やっぱりお客様からの「よかった」「ありがとう」が一番やりがいを感じますね。うちは、職員も長く勤めてくれている人が多いんです。焼き鳥屋さんから戻ってきてくれた人もしかり(笑)。それは、お客様が「よかった」「ありがとう」という感謝の心を持ってそれを職員に伝えてくださり、職員がその感謝を感じられるからこそだと思います。お客様にも職員にも恵まれていると感じます。
Q. あたたかいお客様や職員様がたくさんいらっしゃるのですね。事務所の強みについても教えていただけますか?
基本的なことをしっかりとやること。これが一番の強みだと考えています。
会計業界は毎年税制が変わるなど新しいことがどんどん増えていきます。そうすると、その場その場で「こうしたらどうですか、ああしたらどうですか」と提案してしまいがちですが、私たちの基本指針「基本的なことをしっかりとやる」ことは忘れないようにしています。例えば、法人のお客様だと月次や決算の作業をしっかりとやる。当たり前のことを当たり前に、しっかりとやるためにはどうしたらよいかを考えて行動する。これを徹底しています。
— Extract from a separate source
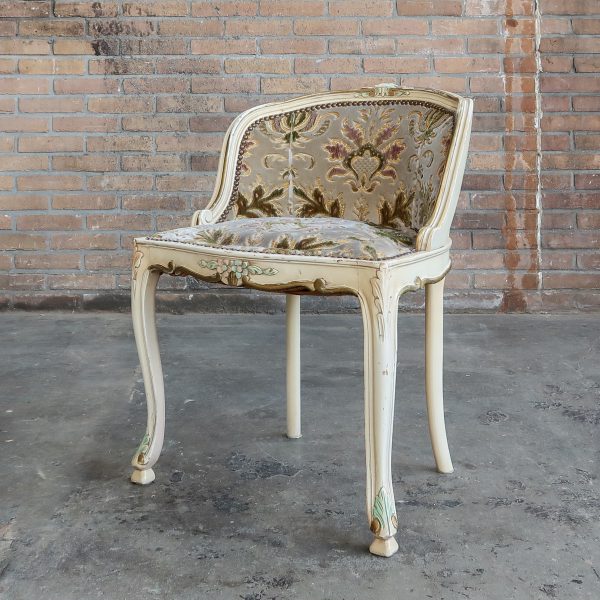 Kleine Louis XV stoel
そのために取り組んでいることは、毎朝の朝礼と掃除。毎朝8時30分から45分まで15分間しっかり朝礼をします。「おはようございます」の発声練習や社是社訓の斉唱、予定の確認を行っています。その後、45分から9時まで全員で掃除をします。私も一緒に雑巾で机を拭きます。そんな風に、毎朝、仕事モードに切り替えるための準備運動を行い、一日のスタートを気持ちよく切れるようにしています。これが効率よく働くためのルーティンだと思います。
昔は、職員にも終電まで残って仕事をしてもらっていましたが、今では繁忙期もみんな17時に帰宅します。ほとんど残業はありません。当たり前のことを当たり前に行う、基本の徹底、これを常に心がけることで、お客様からの信頼を得ることにも繋がると考えています。
Q.では、そういった活動をする中でMyKomonがお役に立てていることはございますか?
MyKomonはいろいろと活用させていただいておりますが、特に効率化が図れたのは日報です。以前は日報を紙で所長に提出してもらい、所長が翌朝それを見て返却していたんです。そこをMyKomonに切り替えたことで、職員がすぐに提出したり、外で日報を確認したりができるようになりました。これでかなり時間削減ができたと思います。日報で職員が何をしたのか、何に困っているのかを把握し、すぐに対処できるので、かなり重宝しています。
Q.お役に立てて嬉しいです。最後にご覧になっている経営者の方々にメッセージをお願いいたします。
今時代の変化はとても早いです。それについていくために変えないといけない部分もあると思いますが、反対に変えてはいけないものもあると思っています。「創業者の想いや精神」、これは二代目三代目になったとしても受け継いで行かないといけないものです。ただ、変えるものは変える。その変化についていくことも大事です。時代とともに変えるものと変えないものをしっかりと認識し大切にして、会社の未来に向けて一緒に取り組んでいけると嬉しいです。